Eu não tenho interesse de ser congelado. Agora, quem eu congelaria é uma pergunta meio capciosa. Não sei, posso pensar em algumas pessoas. Eu pensei em congelar meu cachorro e, de repente, ele viver um pouco mais. Cachorro a gente ama tanto e vive tão pouco. É uma dor!

Choque do personagem ao ser descongelado

Você falou que o Menelau tem traumas. Quais seriam?

Ele tem muitas cicatrizes por tudo que apanhou. A pessoa ser privada da sua liberdade de ir e vir já deve ser um trauma. A acordar com a certeza que não pode ir aonde quiser ir. Então isso deve ser bem difícil. Fora a família. Os escravos eram de propósito separados das famílias, das próprias tribos para eles não poderem se relacionar. Eram dialetos diferentes, então você fica excluso. Eu acredito que ele devia ter uma família e perdeu por conta disso. Então, são vários traumas que a gente constrói automaticamente ao representar um escravo.

Qual será o susto do seu personagem ao acordar em um novo século?

Tudo! Asfalto, semáforo, carro. Vai levar susto a cada segundo. Qualquer coisa, qualquer luz é diferente daquela época que era luz da lua e luz do sol. Colocar uma pessoa num banner, num outdoor um ser humano de cinco metros na frente dele é um susto.
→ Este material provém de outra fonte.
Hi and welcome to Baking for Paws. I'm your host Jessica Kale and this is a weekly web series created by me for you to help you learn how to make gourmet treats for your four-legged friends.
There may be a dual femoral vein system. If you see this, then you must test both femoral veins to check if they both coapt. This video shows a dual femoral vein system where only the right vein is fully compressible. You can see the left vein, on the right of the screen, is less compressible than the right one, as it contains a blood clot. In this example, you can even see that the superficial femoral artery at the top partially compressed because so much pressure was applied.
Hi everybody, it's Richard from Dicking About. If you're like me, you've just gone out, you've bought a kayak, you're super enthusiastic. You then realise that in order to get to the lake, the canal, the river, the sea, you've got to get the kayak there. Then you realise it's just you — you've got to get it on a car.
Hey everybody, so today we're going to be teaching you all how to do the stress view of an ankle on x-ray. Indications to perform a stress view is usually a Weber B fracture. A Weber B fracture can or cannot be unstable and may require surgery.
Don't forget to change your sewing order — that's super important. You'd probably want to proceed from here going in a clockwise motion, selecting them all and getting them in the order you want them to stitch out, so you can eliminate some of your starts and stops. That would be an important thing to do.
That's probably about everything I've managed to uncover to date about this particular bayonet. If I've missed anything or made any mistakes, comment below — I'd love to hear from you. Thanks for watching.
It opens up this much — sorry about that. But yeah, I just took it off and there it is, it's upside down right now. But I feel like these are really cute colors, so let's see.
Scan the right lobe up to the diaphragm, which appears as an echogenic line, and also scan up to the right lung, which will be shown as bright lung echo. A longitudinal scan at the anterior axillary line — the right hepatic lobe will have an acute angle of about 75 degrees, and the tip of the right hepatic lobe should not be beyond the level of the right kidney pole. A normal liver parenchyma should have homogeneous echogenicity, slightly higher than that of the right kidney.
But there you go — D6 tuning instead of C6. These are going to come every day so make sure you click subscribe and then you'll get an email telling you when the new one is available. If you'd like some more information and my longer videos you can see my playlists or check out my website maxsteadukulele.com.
O que te choca na atual sociedade?

A hipocrisia. A gente é muito hipócrita, a gente enquanto sociedade mesmo. Acreditamos numas verdades que só funcionam para a gente. A partir do momento que a gente joga para o outro, ela deixa de funcionar e isso não faz sentido. Eu acredito na verdade que funciona para o coletivo. A verdade isolada é unilateral, não dá para considerar verdade quando excluí.

A cena em que o Menelau acorda já foi gravada?

Já gravei ele acordado. Acordando ainda não.

Reação de Menelau à sociedade atual

E como ele vai reagir a sociedade? A liberdade era um desejo do Menelau?

Eu não sei se ele tinha o interesse de ser livre ou se ele tinha medo disso. Eu acho que uma pessoa que viveu sendo escrava, ela desconfia de tudo e todo mundo porque não tem uma identidade que diga assim: eu posso ir, eu posso vim, eu posso fazer o que eu quiser. Então, qualquer um pode chegar e falar: ‘olha, você hoje é meu escravo e vai trabalhar para mim’ ou ‘você hoje pode fazer o que quiser’. Então, eu acho que é a desconfiança. Na verdade, ele está nascendo de novo. É uma pessoa que chega num lugar e que nada para ela faz sentido.

O Menelau viverá um amor na novela?

Não sei. Eu ainda não sei.

Figurino

Como será o figurino do personagem após o descongelamento?

Depois que eles tiram a gente do iceberg, eles nos colocam em cápsulas criogênicas.

Você disse que o Menelau tem marcas de machucados. O Dom Sabino, personagem do Edson Celulari, é o responsável por essas cicatrizes?

Não! O Dom Sabino não machucava ele. Ele já veio assim de uma outra fazenda e o Dom Sabino opta por não trabalhar dessa forma com os escravos. Eu acho que dessa maneira, ele acaba ganhando o Menelau que passa a ser um escravo de guarda, fiel escudeiro dele. A relação deles é essa. Ele está sempre disposto a ajudar, salvar e proteger o Dom Sabino porque viu uma pessoa que não estava disposta a machucá-lo.

Essa proteção continuará após o descongelamento?

É o extinto, então eu acho que ele vai continuar sendo. Quando ele acordar vai continuar sendo assim, o interesse dele vai continuar sendo guardar e proteger o Dom Sabino e a família dele.